YOUR GOAL: Going line by line through the records below, write out everything starting with the line containing "Step two: TruWave" and going on through the line containing "My name is Jesse", exactly and inclusively. Pictures do not go in.

DATASET:
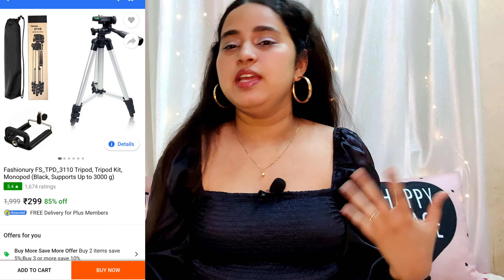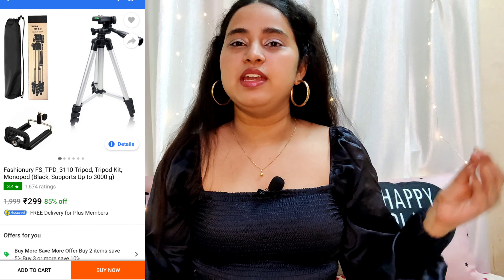First, you need a stable platform to keep your phone or camera. I personally make videos on my phone, so I bought a mobile tripod for approximately 300 rupees. It goes up to one meter, which works fine for me — it's very stable and sturdy, and perfect if you're shooting on a cell phone. It's not very costly, and I've used it for a long time, so I can tell you it's durable and long-lasting.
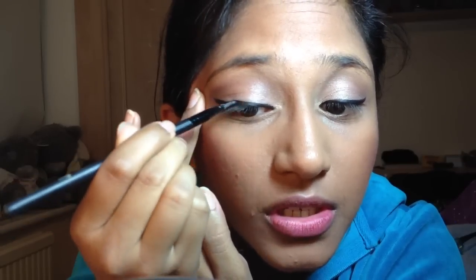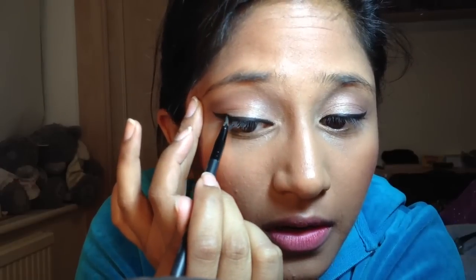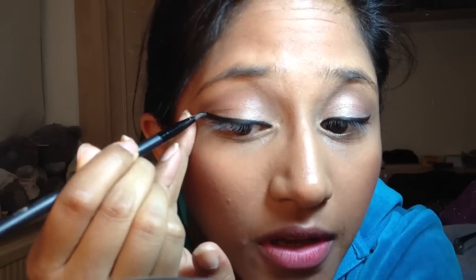For a beginner you can do the same technique but just using a pencil eyeliner - make sure it's quite sharpened and do the same thing. Always use short strokes and fill in any bits you've missed. I'll just show you this flicked out a little bit more.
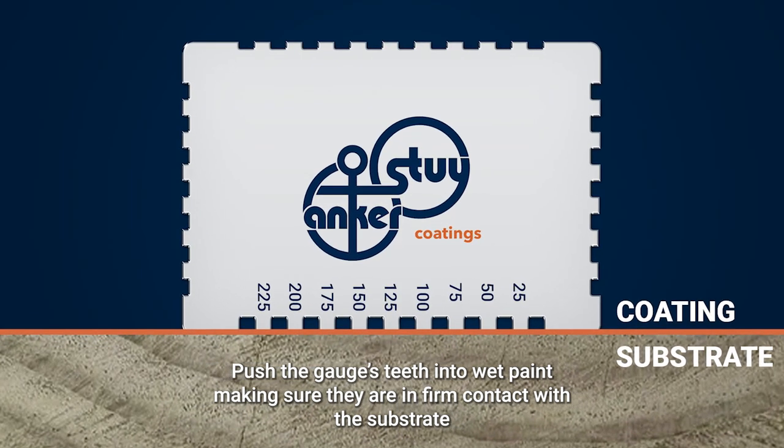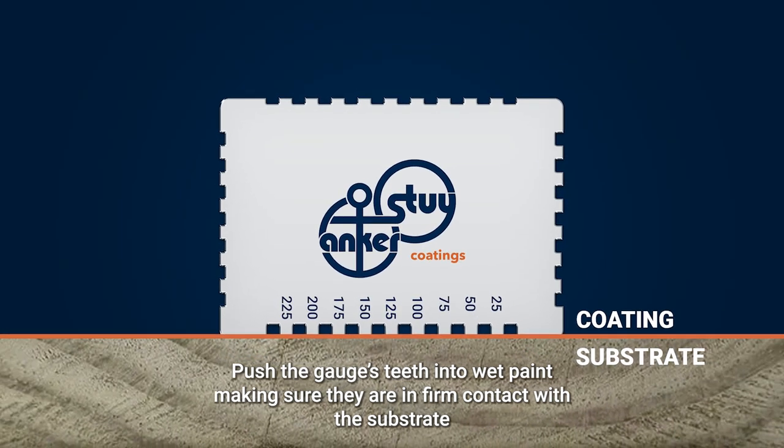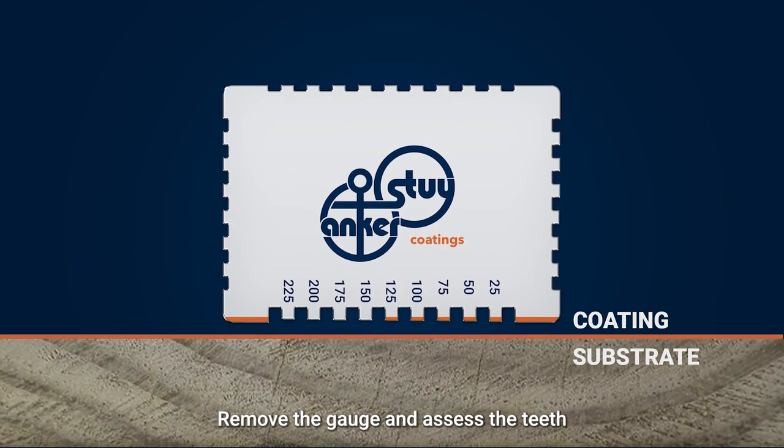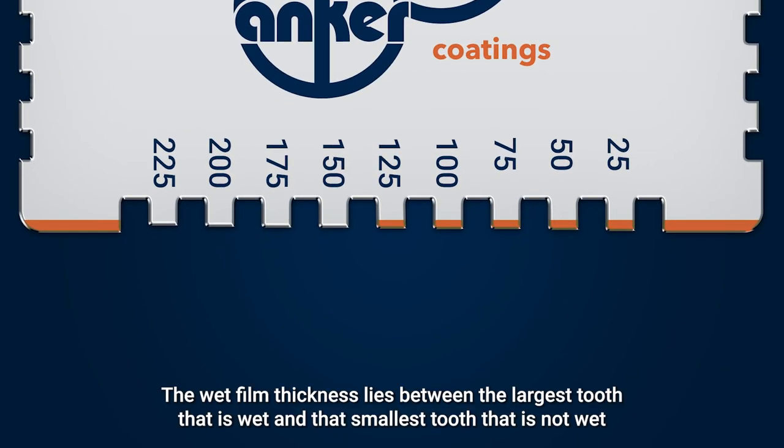Push the gauge's teeth into wet paint, making sure they are in firm contact with the substrate. Remove the gauge and assess the teeth. The wet film thickness lies between the largest tooth that is wet and the smallest tooth that is not wet.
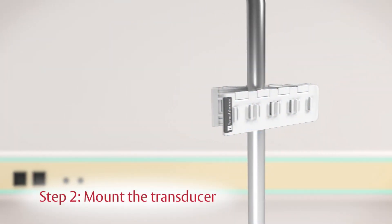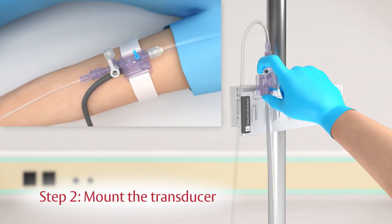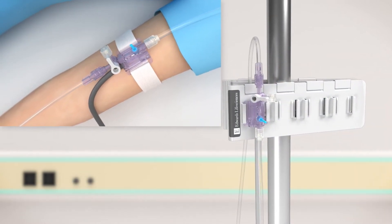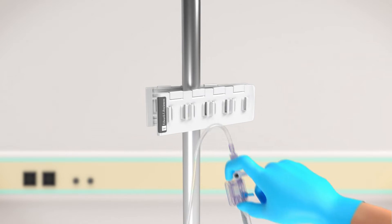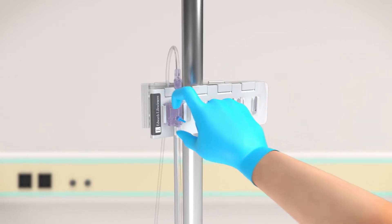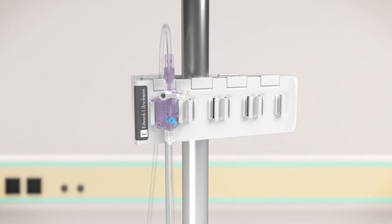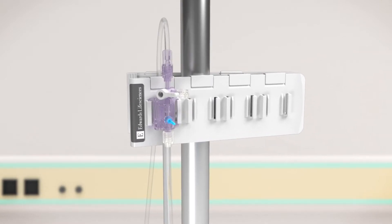Step two: TruWave transducers can be mounted on either an IV pole or on the patient's arm — the setup procedure is the same. This video demonstrates the pole-mounted method. Insert the TruWave transducer into a mounting backplate that is secured on an IV pole.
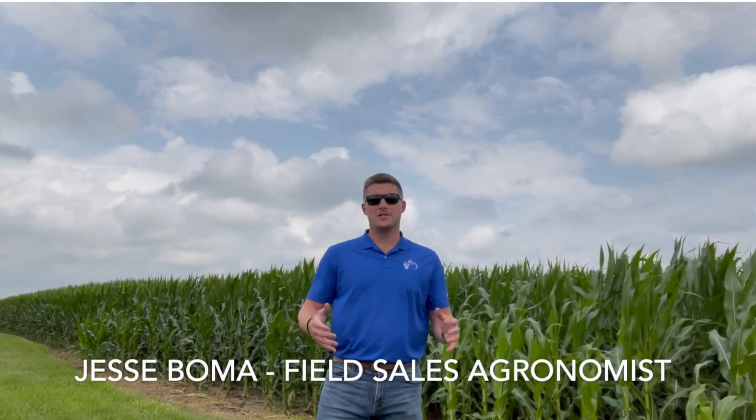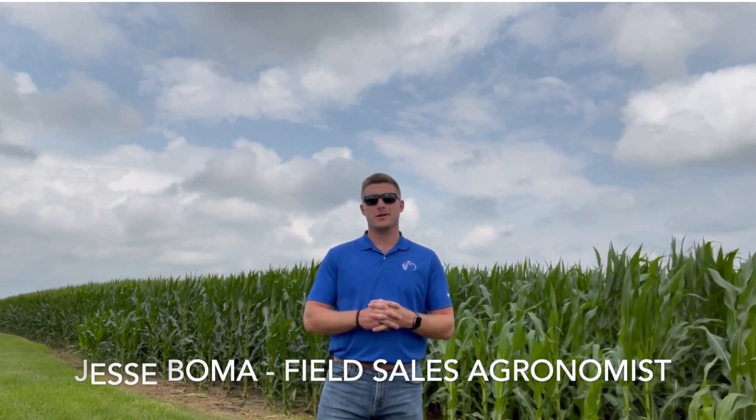My name is Jesse Bowman. I'm a field sales agronomist with the GrowMark Seed Division. Today, I plan on walking you through five easy steps that will help estimate yield potential in your cornfield.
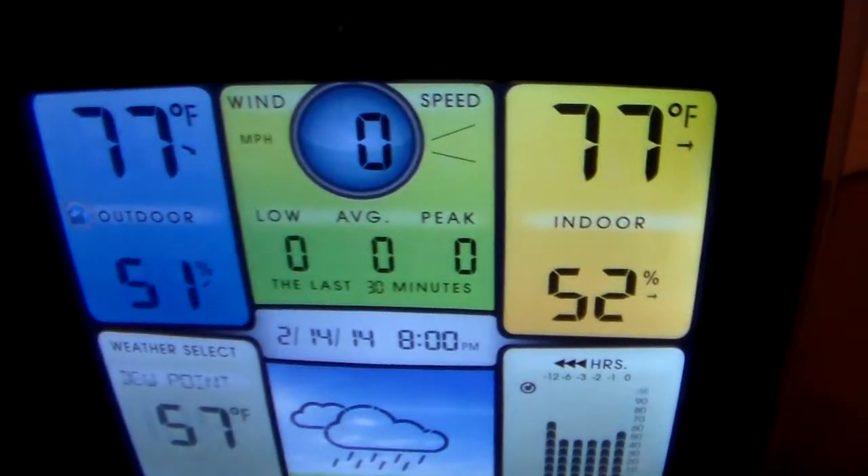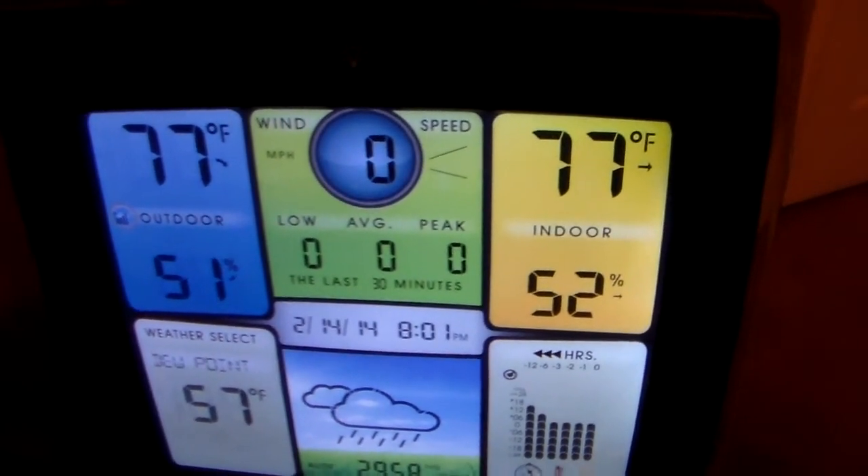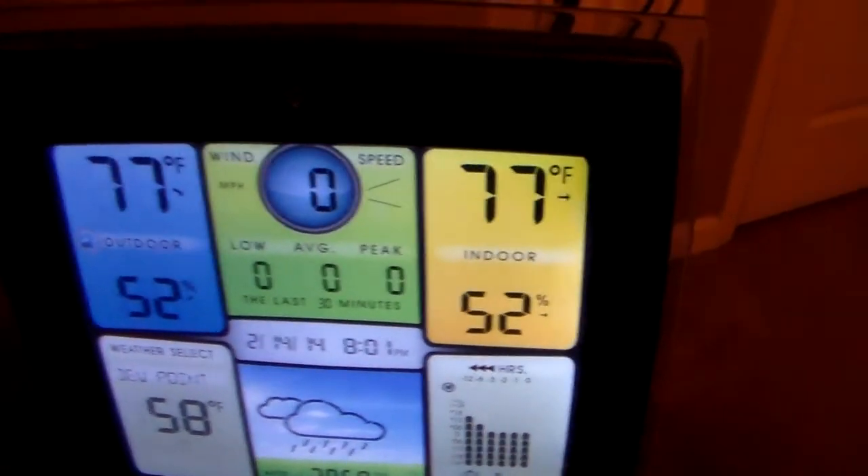I also want to include that — that is the temperature of the attic. 77 degrees is when it turns off. And we don't need to look for an air icer, but we'll leave it.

RESPONSE TO THE EXERCISE:
Step two: TruWave transducers can be mounted on either an IV pole or on the patient's arm — the setup procedure is the same. This video demonstrates the pole-mounted method. Insert the TruWave transducer into a mounting backplate that is secured on an IV pole.
My name is Jesse Bowman. I'm a field sales agronomist with the GrowMark Seed Division. Today, I plan on walking you through five easy steps that will help estimate yield potential in your cornfield.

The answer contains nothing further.